In Africa, Harris positioned the United States as a powerful foil to China, which has spent years building its influence on the continent to gain control over natural resources that are key to clean energy.
The message was especially apparent in Tanzania, where Harris touted the United States’ purchasing power and need for more critical minerals. She announced that the U.S.-supported Lifezone Metals project in Tanzania will be the first processing facility on the African continent to produce the nickel used in electric vehicle batteries. Lifezone Metals has a strategic partnership with TechMet Ltd., a critical metals company part-owned by the U.S. government, and will also source other critical minerals needed in clean energy components.
Harris’ climate messaging did not come without pushback.
Half of the continent still lacks electricity. Extreme poverty and crushing debt have slowed economic development. African leaders told Harris they want to increase oil and gas drilling to boost their economies and find a path toward self-reliance.
Speaking alongside Harris at a news conference, Ghanaian President Nana Akufo-Addo said he plans to transform the country, in part, with new oil and gas drilling. That will “give us the best opportunity to derive maximum benefit from our abundant natural resources, enable us to create a firmer foundation for meaningful long-term economic and commercial relations with the United States of America,” Akufo-Addo said.
As she did elsewhere, Harris pointed to new jobs that can be created in Ghana in a clean-energy economy.
“Part of my trip here is actually to also recognize the opportunities, then, that exist in this transition to what we call a ‘clean energy economy,’ a green economy,” she said at the news conference. “And the opportunities that exist for American private interest and the American government to also share in Africa’s leadership on this in terms of helping to contribute the resources to what are very innovative practices that are occurring here on the continent.”

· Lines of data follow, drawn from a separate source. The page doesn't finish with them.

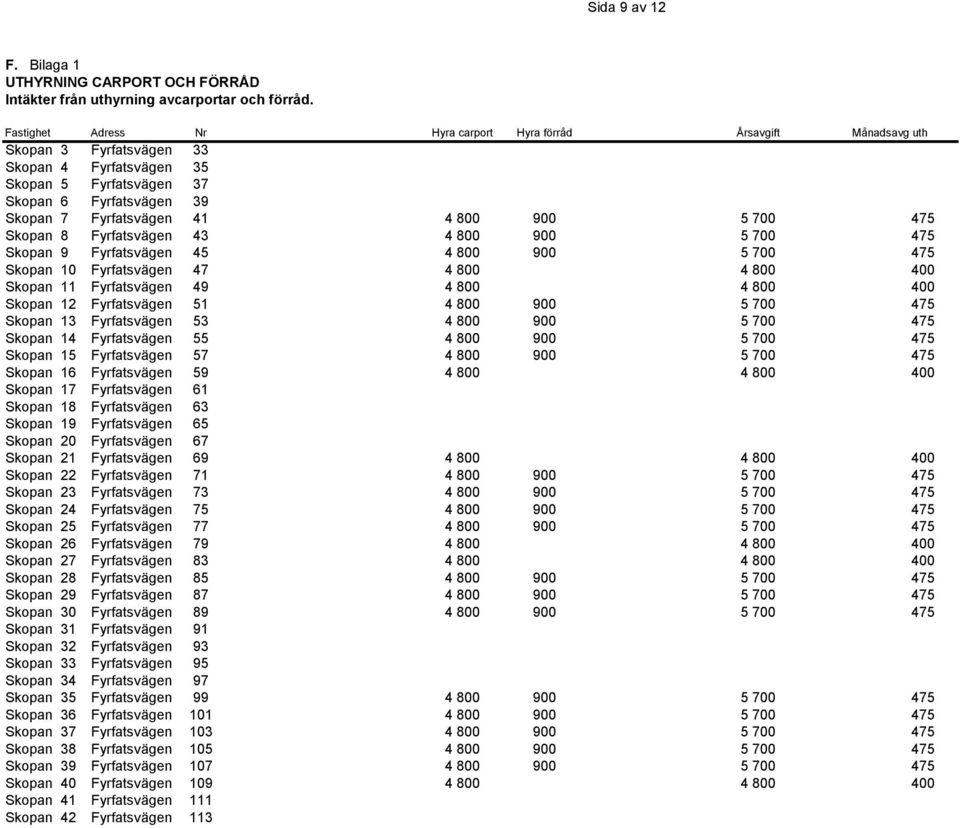 900 5 700 475 Skopan 8 Fyrfatsvägen 43 4 800 900 5 700 475 Skopan 9 Fyrfatsvägen 45 4 800 900 5 700 475 Skopan 10 Fyrfatsvägen 47 4 800 4 800 400 Skopan 11 Fyrfatsvägen 49 4 800 4 800 400 Skopan 12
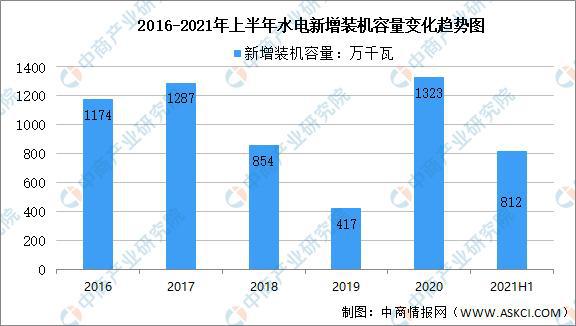 6686体育官方：2021年中国水力发电产业链全景图上中下游市场及企业分析(图7)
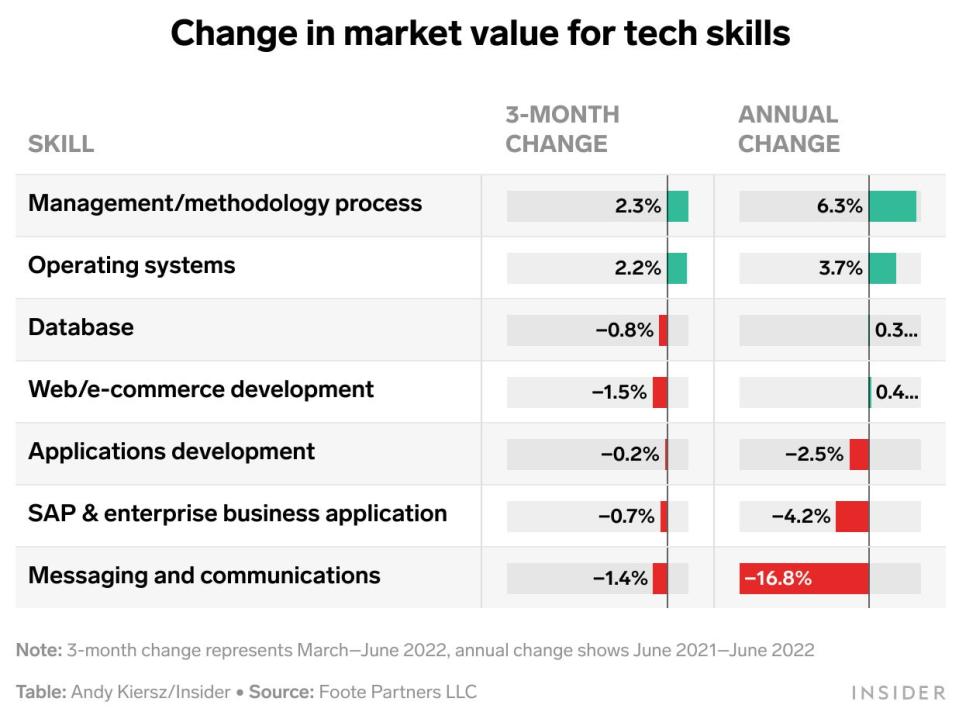 A chart shows the change in market value for tech skills.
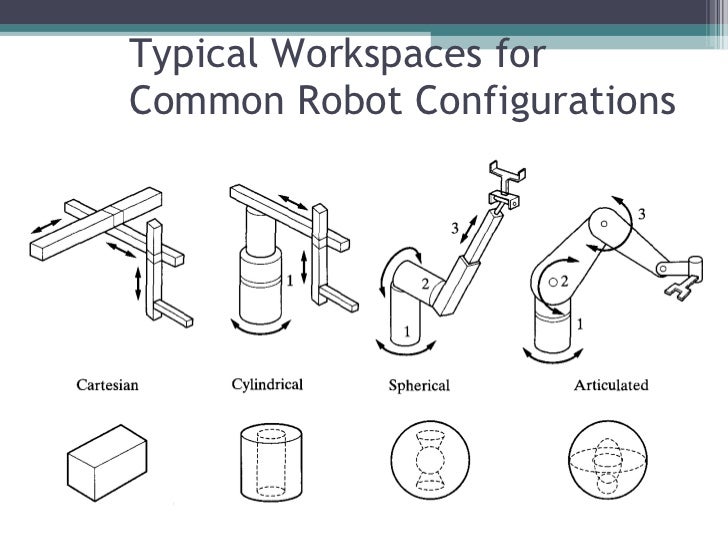 Dek3223 chapter 2 robotic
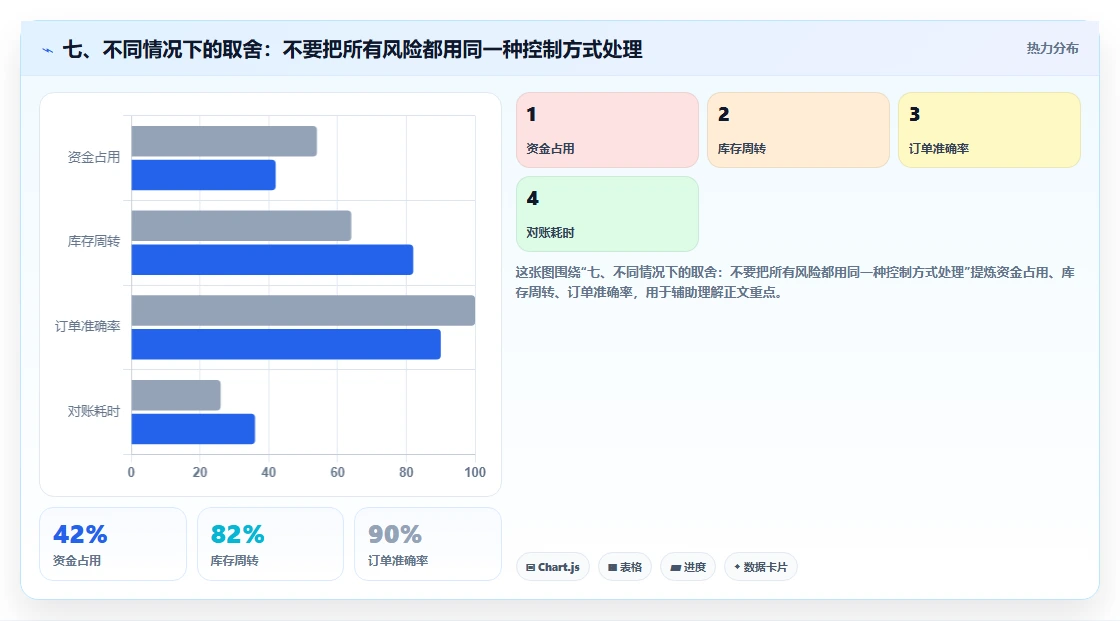 七、不同情况下的取舍：不要把所有风险都用同一种控制方式处理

Engaging more frequently and more directly on the issue abroad can translate into more of a domestic role in climate policy, said Chervinsky, the presidential historian.
Climate policy is an area where Harris can carve out a powerful role for herself, not as part of her short-term portfolio, but as a longer-term issue, the historian said. It’s also a key way for Harris to reach the young voters that will be a key to her political future, Chervinsky added.
“It’s a savvy political decision to be focusing on an issue that is very important to a very important subset of voters to try to build enthusiasm for those measures and demonstrate that one person is really particularly focused on those issues and would hopefully encourage them to support her in the future,” Chervinsky said.